Electricity market reform has fundamentally changed the environment for maintaining reliable and secure power supplies. Growing inter-regional trade has placed new demands on transmission systems, creating a more integrated and dynamic network environment with new real-time challenges for reliable and secure transmission system operation. These operational challenges are intensified as spare transmission capacity is absorbed.

The major blackouts of 2003 raised fundamental questions about the appropriateness of the rules, regulations and system operating practices governing transmission system security. Despite the considerable efforts since 2003 to address the weaknesses exposed by the blackouts, it can still be argued that the development of these rules and operating practices have not kept pace with the fundamental changes resulting from electricity market reform. More can and should be done.

Management of system security needs to keep improving to maintain reliable electricity services in this more dynamic operating environment. The challenges raise fundamental issues for policymakers.

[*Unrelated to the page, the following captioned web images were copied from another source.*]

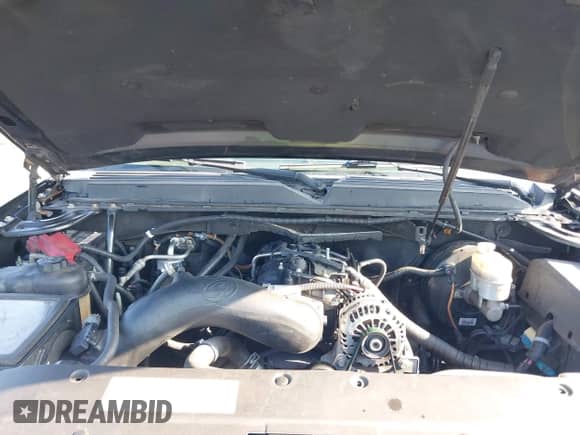 2010 Chevrolet Avalanche LTZ с VIN 3GNNCGE02AG243764, выставлен на аукционе IAAI как лот 43059799 с пробегом 256 178 миль миль и . История ставок и продаж доступна на DreamBid. Изображение 10.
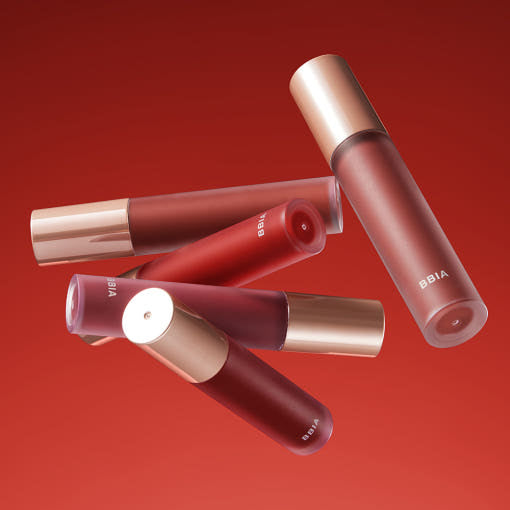 BBIA LAST VELVET TINT 1 (EXTRA) 5G - BBIA | COLOURSWINK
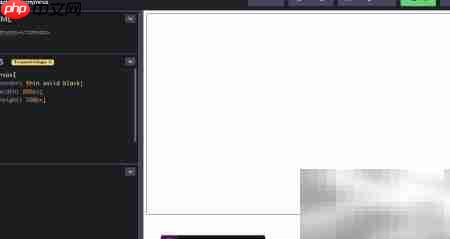 Canvas drawImage使用技巧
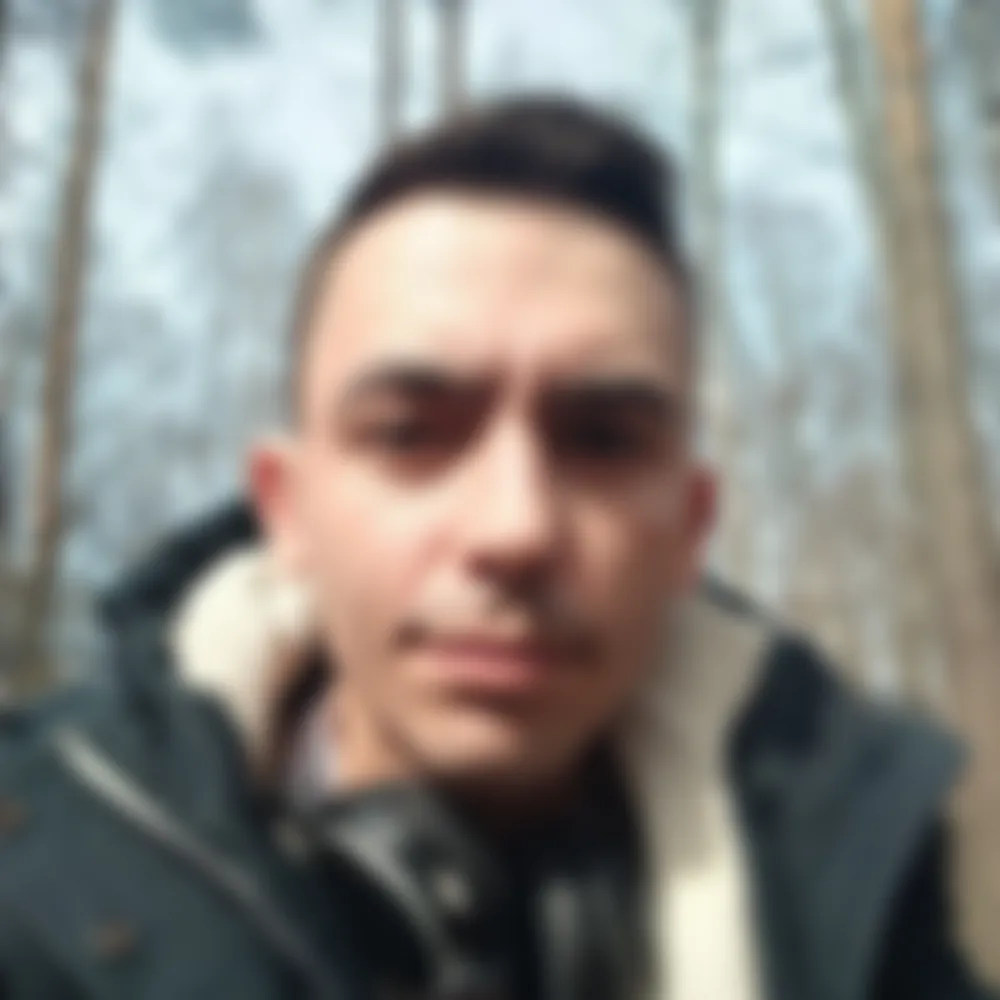 Иван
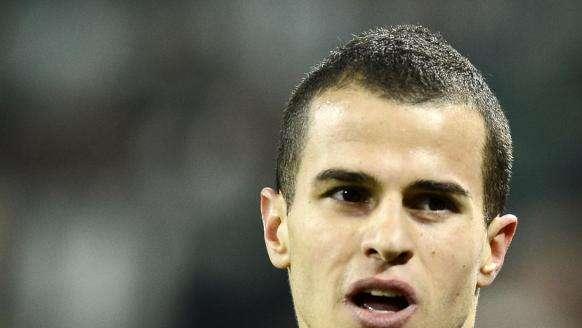 Giovinco sprona la Juve: "Ora allunghiamo sull'Inter"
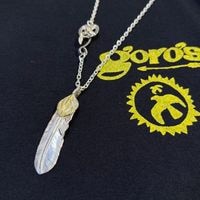 特別価格セット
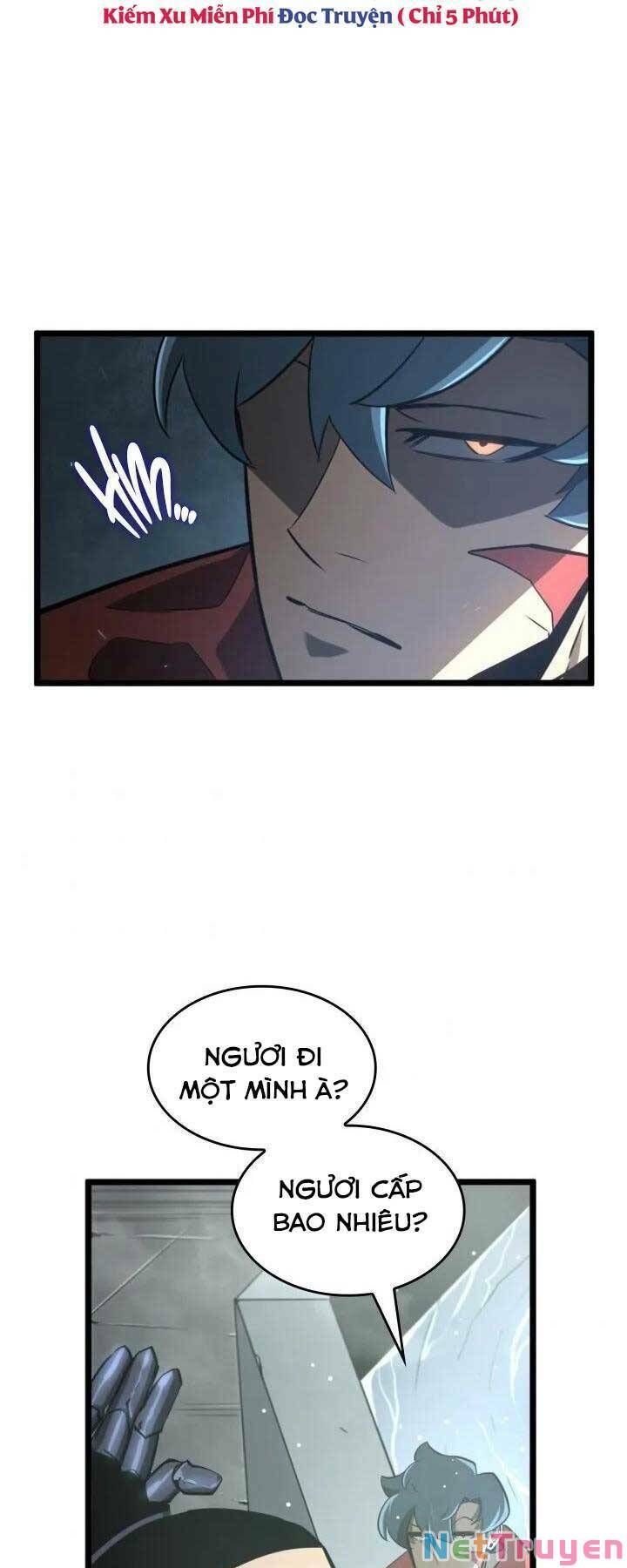 đọc truyện Sự Trở Lại Của Người Chơi Cấp Sss Chương 7 ảnh 30 tại Thiên Thai Truyện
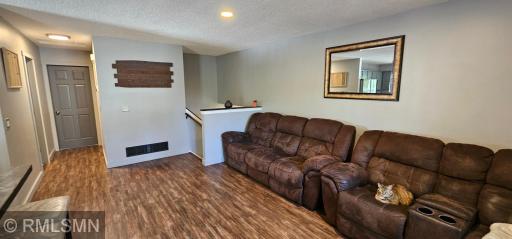 3771 227th Court NW, Saint Francis, MN 55070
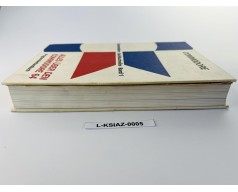 Książka Commodore 64 - Alles über den Commodore 64 (Sachbuchreihe)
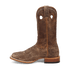 Dan Post Murray Bison Boot - Luxury Leather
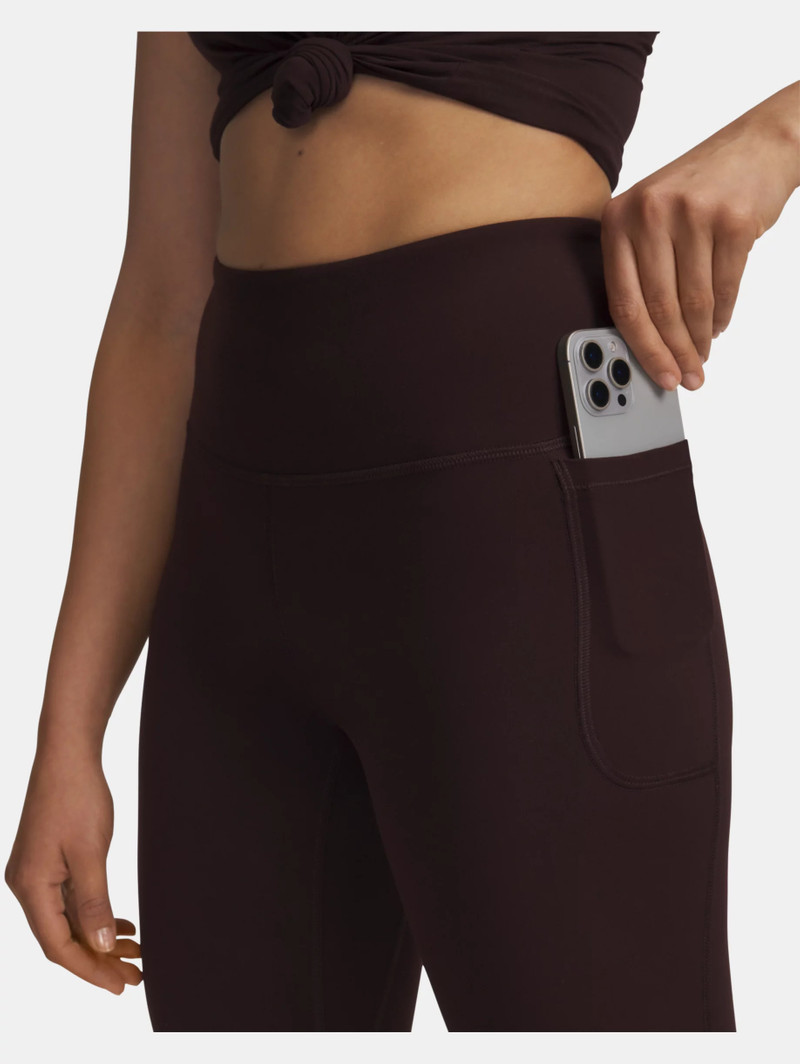 UA Movement 4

This publication presents case studies drawn from recent large-scale blackouts in Europe, North America, and Australia. It concludes that a comprehensive, integrated policy response is required to avoid preventable large-scale blackouts in the future.

The legal and regulatory arrangements governing transmission system security can be enhanced. In particular, scope exists to clarify responsibilities and accountabilities and to improve enforcement. System operating practices need to give greater emphasis to system-wide preparation to support flexible, integrated real-time system management. Real-time coordination, communication and information exchange, particularly within integrated transmission systems spanning multiple control areas, can and must be improved.

Effective real-time system operation requires accurate and timely information and state-of-the-art technology to facilitate effective contingency planning, system management and coordinated emergency responses. New and existing technology could be more fully employed to enhance effective system operation. Appropriate training is also required to enhance emergency responses. More
effective asset and vegetation management can also make a valuable contribution to strengthen transmission system security.

An effective policy response should also consider how best to employ marketbased approaches to complement regulatory arrangements to strengthen transmission system security at least cost.

Governments should provide the leadership and drive needed to establish effective, coordinated processes that address the key policy issues in an integrated and comprehensive manner. At the same time, all stakeholders need to work together to address these challenges if we are to avoid unduly exposing transmission systems to the risk of further substantial power failures.